Residual Correlation in Graph Neural Network Regression

A graph neural network transforms features in each vertex's neighborhood into a vector representation of the vertex. Afterward, each vertex's representation is used independently for predicting its label. This standard pipeline implicitly assumes that vertex labels are conditionally independent given their neighborhood features. However, this is a strong assumption, and we show that it is far from true on many real-world graph datasets. Focusing on regression tasks, we find that this conditional independence assumption severely limits predictive power. This should not be that surprising, given that traditional graph-based semi-supervised learning methods such as label propagation work in the opposite fashion by explicitly modeling the correlation in predicted outcomes.

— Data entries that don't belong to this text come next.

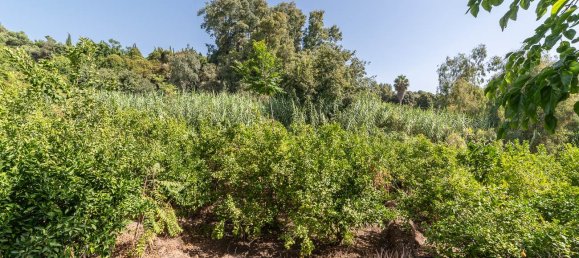 Villa de 3 dormitorios en Riposto, Italy No. 282827 12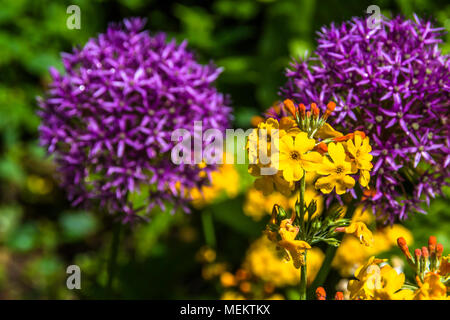 Globus vorangegangen Sommerblumen im hellen Sonnenschein. Alliums und Zierpflanzen Zwiebeln. Stockfoto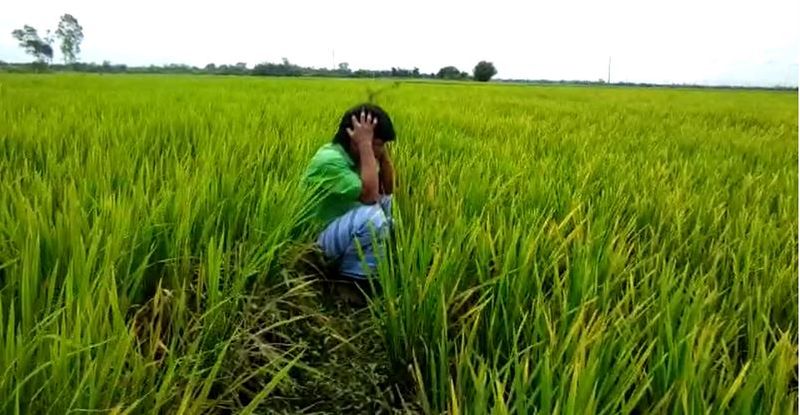 Rain effect Total 7.31 Lakh hector crop damage in Karnataka rbj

Here, we address this problem with an interpretable and efficient framework that can improve any graph neural network architecture simply by exploiting correlation structure in the regression residuals. In particular, we model the joint distribution of residuals on vertices with a parameterized multivariate Gaussian, and estimate the parameters by maximizing the marginal likelihood of the observed labels. Our framework achieves substantially higher accuracy than competing baselines, and the learned parameters can be interpreted as the strength of correlation among connected vertices. Furthermore, we develop linear time algorithms for low-variance, unbiased model parameter estimates, allowing us to scale to large networks. We also provide a basic version of our method that makes stronger assumptions on correlation structure but is painless to implement, often leading to great practical performance with minimal overhead.